** Source material follows **

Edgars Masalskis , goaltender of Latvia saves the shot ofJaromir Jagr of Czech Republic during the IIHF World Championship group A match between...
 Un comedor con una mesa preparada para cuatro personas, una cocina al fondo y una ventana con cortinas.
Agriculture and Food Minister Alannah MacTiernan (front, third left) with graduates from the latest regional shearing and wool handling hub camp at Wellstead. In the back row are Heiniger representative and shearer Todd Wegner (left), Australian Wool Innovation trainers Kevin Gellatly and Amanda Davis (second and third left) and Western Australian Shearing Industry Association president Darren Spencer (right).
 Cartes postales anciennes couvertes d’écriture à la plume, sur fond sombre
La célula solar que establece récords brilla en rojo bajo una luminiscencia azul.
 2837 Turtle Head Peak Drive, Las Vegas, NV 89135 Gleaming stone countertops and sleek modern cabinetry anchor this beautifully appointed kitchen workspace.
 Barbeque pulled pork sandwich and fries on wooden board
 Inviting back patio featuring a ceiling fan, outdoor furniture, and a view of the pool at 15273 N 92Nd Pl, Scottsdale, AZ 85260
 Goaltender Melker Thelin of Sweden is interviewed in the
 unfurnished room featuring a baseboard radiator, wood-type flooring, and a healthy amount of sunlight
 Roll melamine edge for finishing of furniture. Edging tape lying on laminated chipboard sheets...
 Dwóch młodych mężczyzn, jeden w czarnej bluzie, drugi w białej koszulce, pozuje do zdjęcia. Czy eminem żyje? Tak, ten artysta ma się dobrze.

** End of Source material **

Problem description.
From the records above, extract exactly and only the lines that begin at the line with "Un comedor con" and stop after the line with "La célula solar".

Answer for this exercise.
 Un comedor con una mesa preparada para cuatro personas, una cocina al fondo y una ventana con cortinas.
Agriculture and Food Minister Alannah MacTiernan (front, third left) with graduates from the latest regional shearing and wool handling hub camp at Wellstead. In the back row are Heiniger representative and shearer Todd Wegner (left), Australian Wool Innovation trainers Kevin Gellatly and Amanda Davis (second and third left) and Western Australian Shearing Industry Association president Darren Spencer (right).
 Cartes postales anciennes couvertes d’écriture à la plume, sur fond sombre
La célula solar que establece récords brilla en rojo bajo una luminiscencia azul.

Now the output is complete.